Provided information —
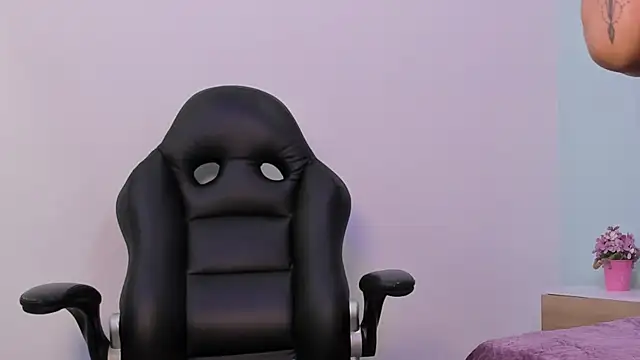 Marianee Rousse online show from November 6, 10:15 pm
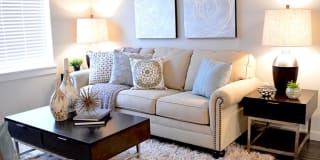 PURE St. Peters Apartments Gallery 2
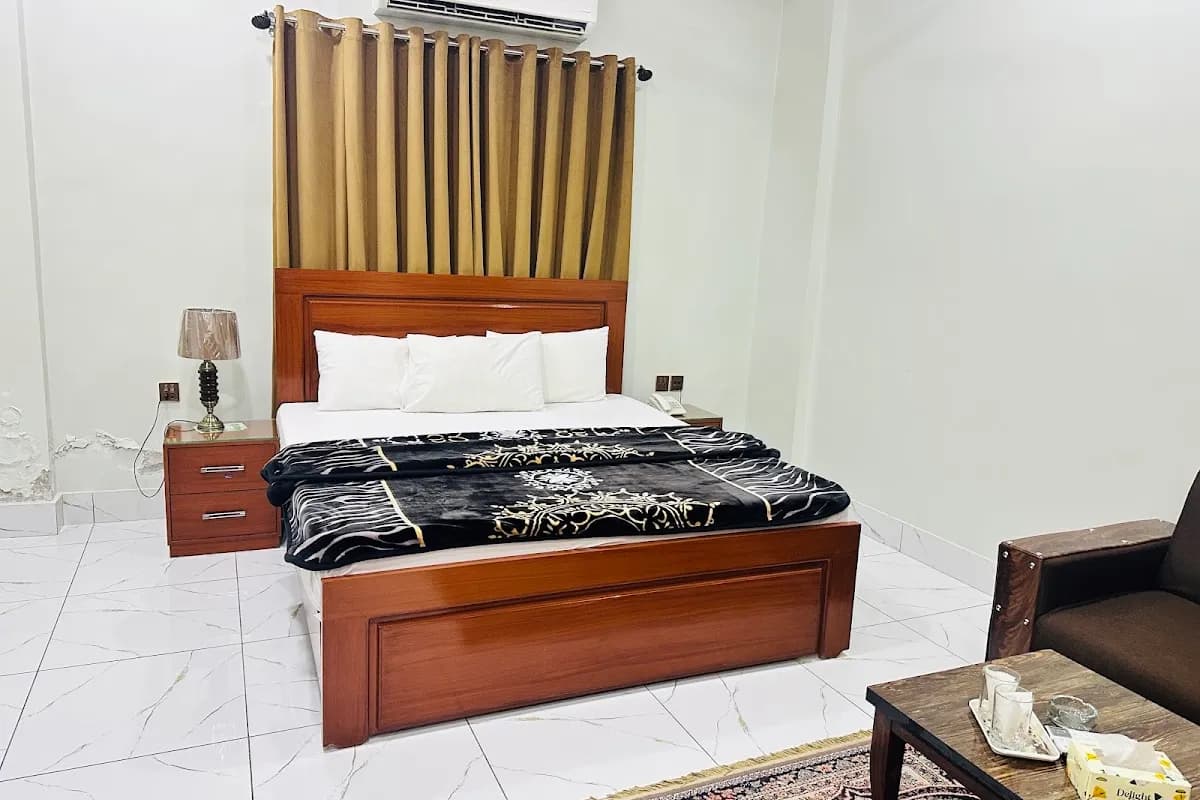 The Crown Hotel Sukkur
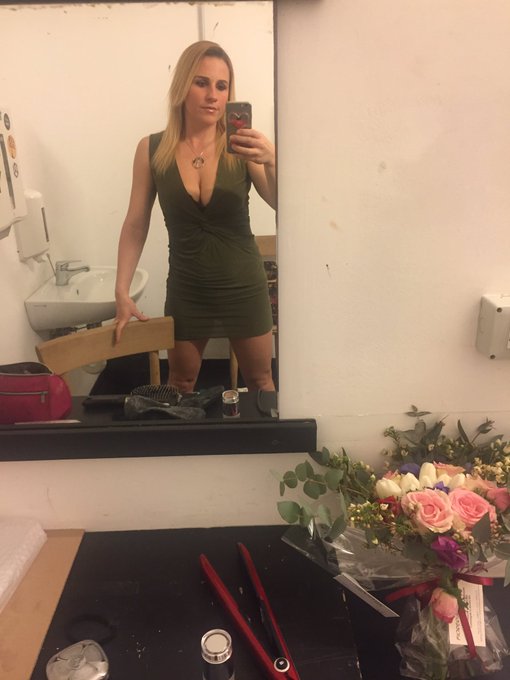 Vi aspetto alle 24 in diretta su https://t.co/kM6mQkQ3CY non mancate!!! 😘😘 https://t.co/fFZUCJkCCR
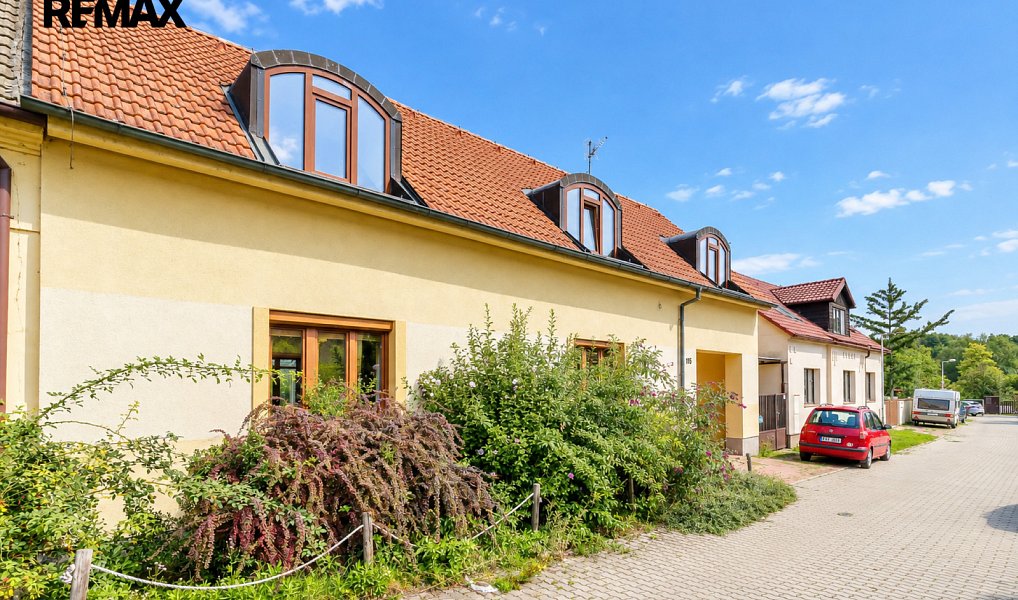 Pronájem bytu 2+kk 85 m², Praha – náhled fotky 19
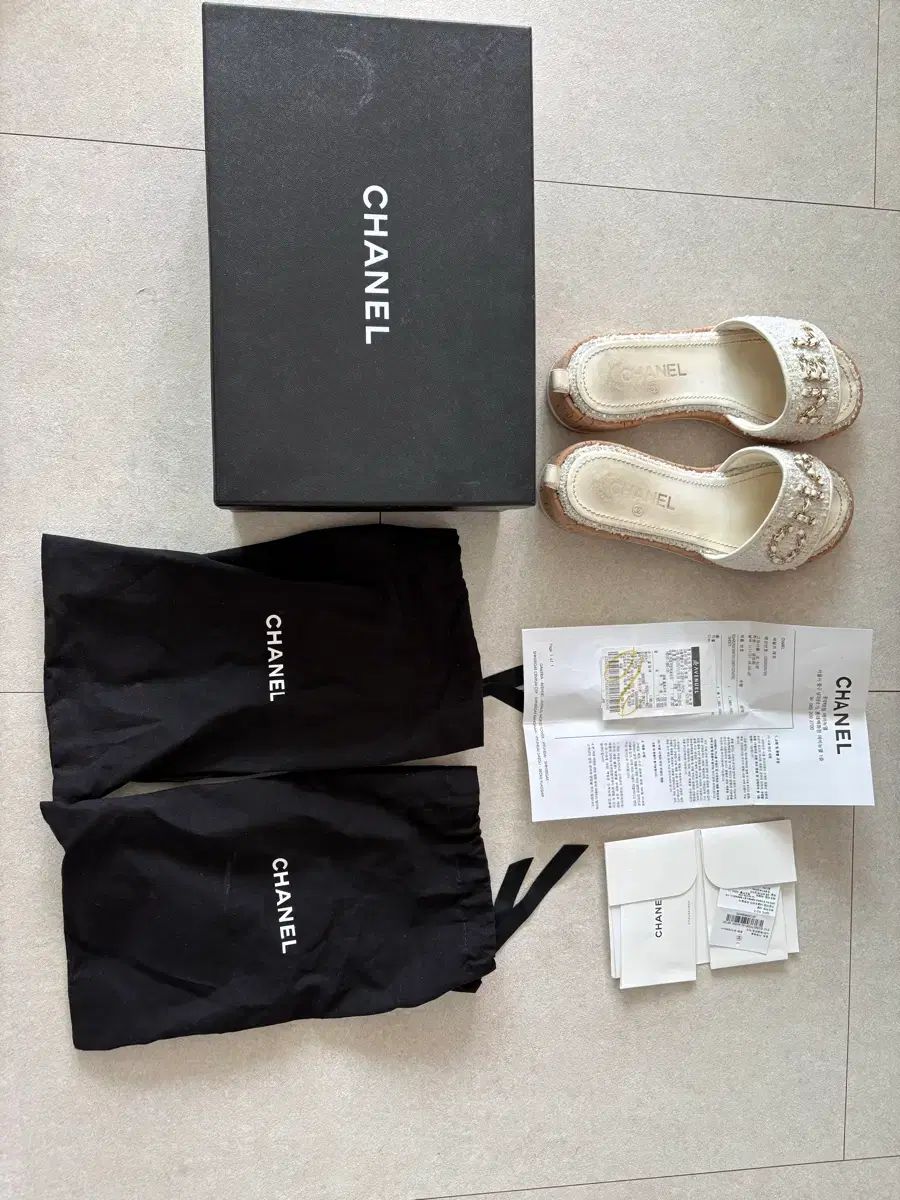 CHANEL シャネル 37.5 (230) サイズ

What is needed —
Leaving out the pictures, return exactly the lines from the one that contains "The Crown Hotel Sukkur" through the last line of the records above, inclusive.

Output of the exercise —
 The Crown Hotel Sukkur
 Vi aspetto alle 24 in diretta su https://t.co/kM6mQkQ3CY non mancate!!! 😘😘 https://t.co/fFZUCJkCCR
 Pronájem bytu 2+kk 85 m², Praha – náhled fotky 19
 CHANEL シャネル 37.5 (230) サイズ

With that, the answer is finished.